Julie Anne Genter, Minister of Women and self-appointed minister for culling old white blokes from board rooms, brings performance into considerations when she champions a policy of government intervention to get the gender mix right in the public service workplace.
She has brought the fairness argument into her rhetoric (having more women in leadership “is the right thing to do”) but further asserts
“… diversity helps organisations function more effectively”.
“More women in leadership means better decision making, better organisational resilience and better performance.”
Better performance by what measure?
Point of Order wonders about this in the light of Genter’s performance at Question Time in Parliament yesterday.
If she is to be judged for her prowess at ducking and/or diving, she looks like Olympic Games material.
But National’s Tim Macindoe expected her simply to give him a few numbers about the NZTA.
He would have judged her performance (and not scored her too highly) on the quality of this information.
His question related to New Zealand motorists facing higher motor vehicle levies.
Late last year, in a statement he issued as National’s ACC spokesperson, he referenced ACC Minister Iain Lees-Galloway’s acknowledgement that the majority of vehicle users will be paying more when it comes time to renew their registration, although Lees-Galloway insisted that ‘across the motor vehicle levy, there’s no change’.
“The reality is that 68 per cent of levy payers will pay more to register their vehicles next year – despite ACC and NZTA’s statistics showing that those drivers proportionately require much lower treatment costs than other road users.
“The levies from owners of safer cars – which make up two-thirds of the vehicle fleet – will be propping up the minority of owners with older, less reliable vehicles. Some of these owners face an increase of over 150 per cent next year.
“The Minister continues to give evasive answers to important questions that New Zealanders are asking – he won’t say what, if any, data was used to justify these increases which leaves the public wondering why exactly these changes are being made, especially considering they come at a time when ACC’s fiscal position is strong.
“The Minister is also undermining his own Government’s taxpayer-funded advertising campaign with the tagline ‘the safer the car, the safer they are’, by hiking costs for those who are helping to make our car fleet safer.”
At that time, Macindoe mused it would be interesting to know what the associate Transport Minister with the delegation for road safety thinks about a move that results in the cost for safer cars increasing.
Yesterday in Parliament, he had his chance to find out through a question put to Genter. He asked if she support NZTA’s current campaign, which promotes the message “The safer the car, the safer they are” to encourage New Zealanders to purchase safer vehicles?
Yes, she replied – she does support the campaign. She went on…
“Vehicle safety, along with road design and speed, can make the difference as to whether someone survives a crash or not.
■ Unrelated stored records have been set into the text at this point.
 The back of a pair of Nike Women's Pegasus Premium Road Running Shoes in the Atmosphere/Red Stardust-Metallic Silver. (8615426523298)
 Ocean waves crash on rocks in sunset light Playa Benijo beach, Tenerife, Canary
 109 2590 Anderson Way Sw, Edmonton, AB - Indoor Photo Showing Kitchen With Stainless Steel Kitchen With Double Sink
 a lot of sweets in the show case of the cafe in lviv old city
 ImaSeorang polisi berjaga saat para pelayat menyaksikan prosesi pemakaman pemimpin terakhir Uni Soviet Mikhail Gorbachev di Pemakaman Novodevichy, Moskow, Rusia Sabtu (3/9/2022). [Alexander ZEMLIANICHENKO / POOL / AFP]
This campaign is about raising awareness with New Zealanders about vehicle safety before they buy their car, not after.”
But as the Hansard record shows, we must wait for the answer to Macindoe’s next question – a question about money.
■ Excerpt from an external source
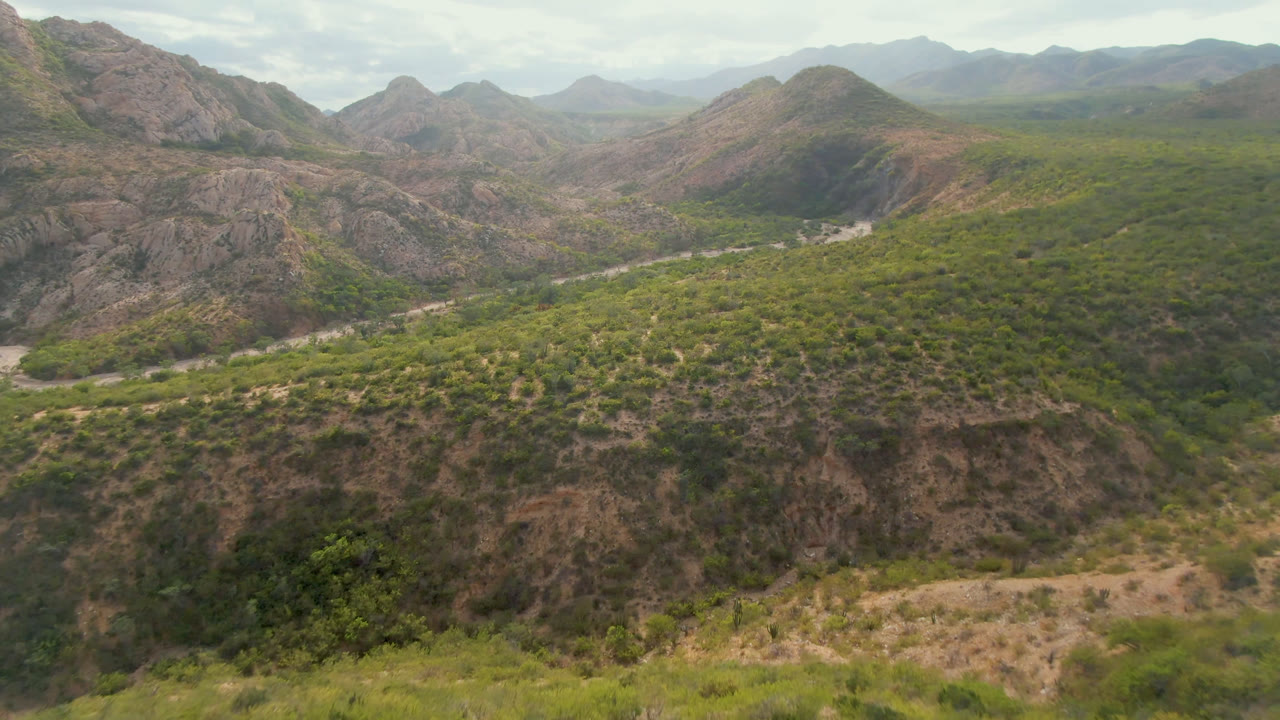 Aerial view over Cabo Pulmo, Baja California Sur, showing a green desert valley, rocky hills, distant mountains, and no visible people at the start of the clip.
Hon Tim Macindoe: What is the total cost of the safer cars campaign?
Hon JULIE ANNE GENTER: You would have to direct that question to the New Zealand Transport Agency. They are entirely responsible for administering their own budget on road safety awareness campaigns.
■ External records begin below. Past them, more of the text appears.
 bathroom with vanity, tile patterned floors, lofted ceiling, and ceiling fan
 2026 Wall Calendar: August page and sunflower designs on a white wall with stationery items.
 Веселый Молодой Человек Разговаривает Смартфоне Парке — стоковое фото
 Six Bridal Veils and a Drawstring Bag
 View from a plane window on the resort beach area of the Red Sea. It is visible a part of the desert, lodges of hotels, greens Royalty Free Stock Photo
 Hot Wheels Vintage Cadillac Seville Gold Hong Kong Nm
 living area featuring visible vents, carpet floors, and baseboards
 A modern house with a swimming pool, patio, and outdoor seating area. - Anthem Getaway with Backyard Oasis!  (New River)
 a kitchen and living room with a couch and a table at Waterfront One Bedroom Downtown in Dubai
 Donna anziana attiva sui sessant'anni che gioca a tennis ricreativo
This was not good enough (as Trevor Mallard hastened to point out).
SPEAKER: Order! That’s not a satisfactory answer. I think if the member is answering a transport question of this type, she has parliamentary responsibility for it, even if she doesn’t have operational responsibility. If she doesn’t have the figure, then she should say so and provide it later.
Hon JULIE ANNE GENTER: I don’t have the figure, but I can request it from the New Zealand Transport Agency. But it’s within the overall budget that has been allocated to road safety awareness campaigns.
On to the next question…
Hon Tim Macindoe: Was she consulted by her colleague the Minister for ACC before he decided to increase ACC levies on New Zealand’s safest motor vehicles?
Hon JULIE ANNE GENTER: I assume that what the member is referring to is the fact that ACC levies are going to be the same for all vehicles now, which I think is a fairer policy. Of course, across Government, we had discussions about the vehicle risk rating (VRR) policy and whether or not it was effective at driving behaviour change, and the evidence is that it wasn’t.
Hon Tim Macindoe: I raise a point of order, Mr Speaker. I specifically asked the Minister if she was consulted by the Minister for ACC.
SPEAKER: She said she had discussions.
Hon Tim Macindoe: Were the Minister’s officials consulted on the proposals to increase ACC levies on New Zealand’s safest vehicles?
Hon JULIE ANNE GENTER: Officials and the Minister and myself all had discussions about changes to the VRR policy, which was to ensure that it was fair to all New Zealanders. I know that member is characterising it as raising levies. It wasn’t raising levies; it was ensuring that all New Zealanders pay the same levy for their motor vehicle.
Hon Tim Macindoe: What official data did she receive from those officials to inform the advice they gave her?
Hon JULIE ANNE GENTER: I have advice from the Ministry of Transport that there has been no change to the rate of vehicle scrappage since the introduction of VRR, and evidence from overseas is that annual charges, as opposed to those at entry, are not effective tools to modify vehicle purchase decisions. I understand where the member is coming from. The reality is that it sounds good in theory, but VRR did not work in practice to drive behaviour change, because the levy is after people have made the decision about what vehicle to purchase. The point of what the Government is doing is ensuring that we raise awareness so that New Zealanders can make that decision when they’re buying their vehicle and not be punished after they’ve already made a decision for which they had virtually no information.
Hon Tim Macindoe: I raise a point of order, Mr Speaker. I asked what official data the Minister had received. I don’t believe she’s answered that question either.
SPEAKER: I think quite early on she said she received information or similar.
Hon Tim Macindoe: Data.
SPEAKER: Well, you can’t have information without data. You can have data without information, but not the other way around.
So the data are in (or may be in) the information which officials passed on to the Minister.
The Minister, we may suppose, has this data.
Time Macindoe – and the public who are being stung by higher ACC levies – alas, do not.